- [Work order]
Give the entries again exactly, without pictures.

Captioned web image data
--
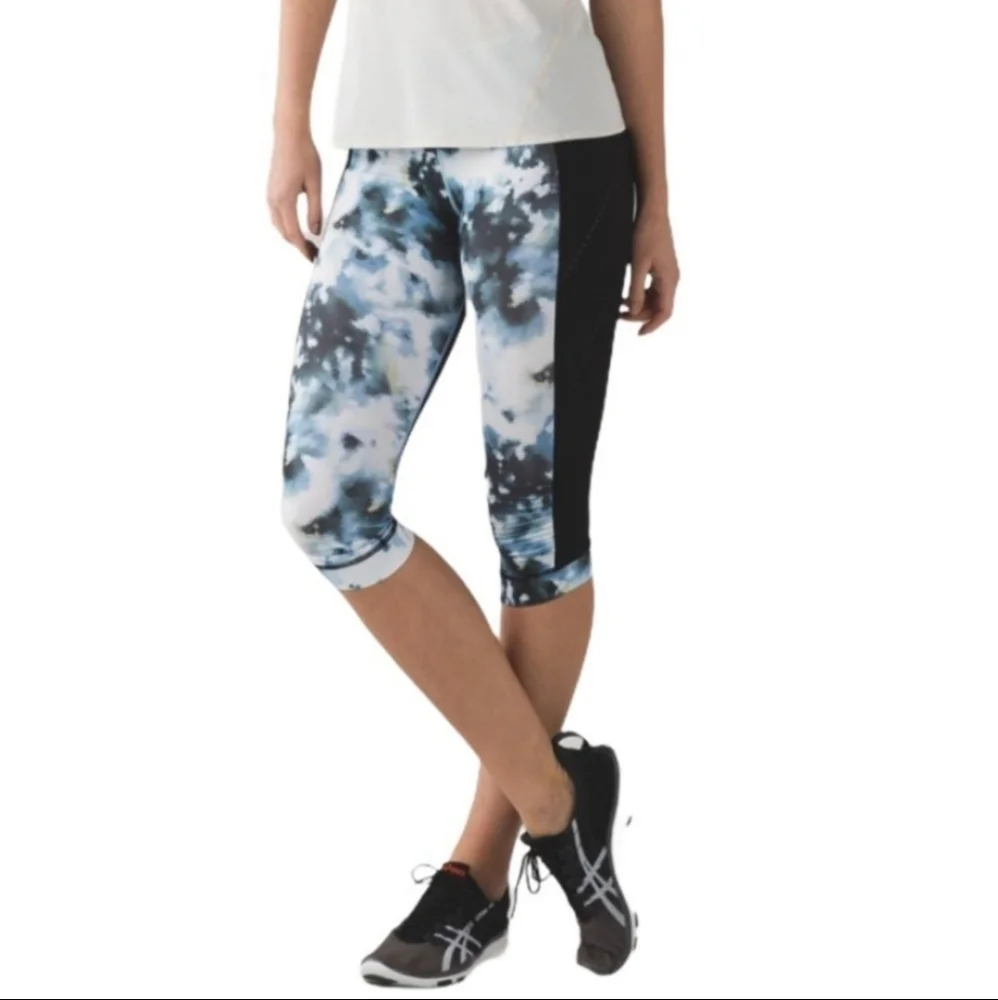 Lululemon‎ Stop At Nothing Crop Leggings Reflective Dot Mesh Ruched Zip Pockets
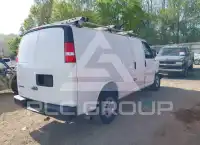 2018 Chevrolet Express фото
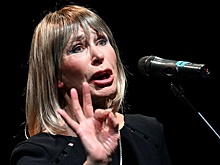 Актриса Татьяна Васильева сняла парик в студии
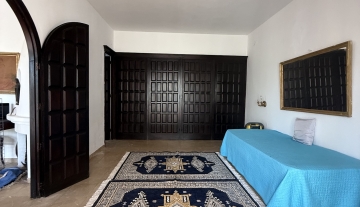 Resa Estates for sale te koop project Cala Tarida Ibiza pool slaapkamer blau.jpeg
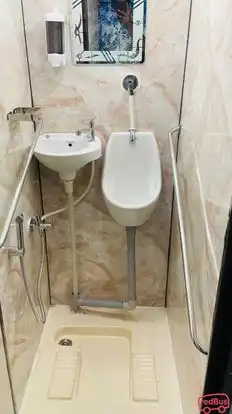 SHREE BALAJI TOUR AND TRAVELS Bus-Amenities Image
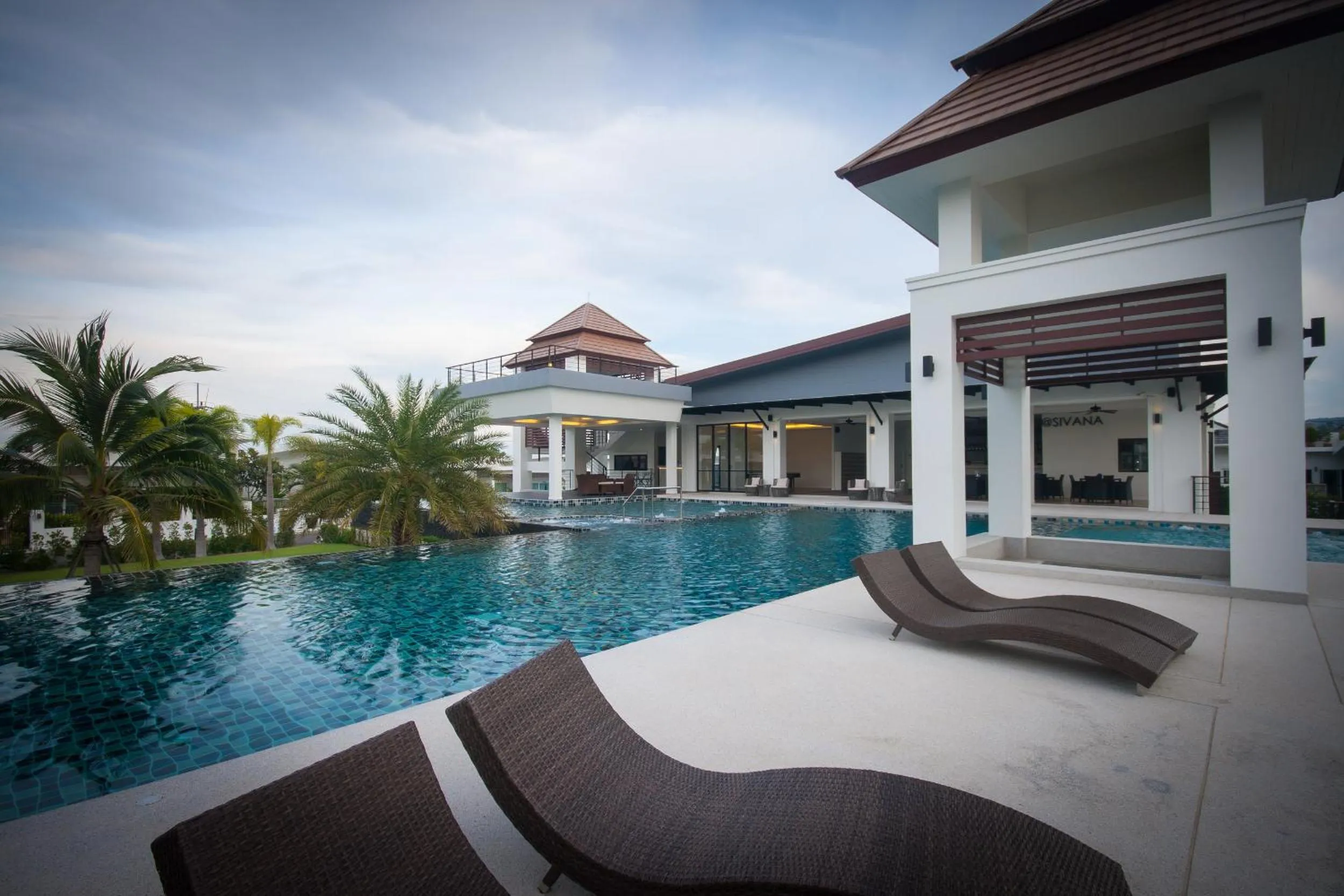 Swimming pool in Luxury House in Hua Hin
--
- [Answer section]
 Lululemon‎ Stop At Nothing Crop Leggings Reflective Dot Mesh Ruched Zip Pockets
 2018 Chevrolet Express фото
 Актриса Татьяна Васильева сняла парик в студии
 Resa Estates for sale te koop project Cala Tarida Ibiza pool slaapkamer blau.jpeg
 SHREE BALAJI TOUR AND TRAVELS Bus-Amenities Image
 Swimming pool in Luxury House in Hua Hin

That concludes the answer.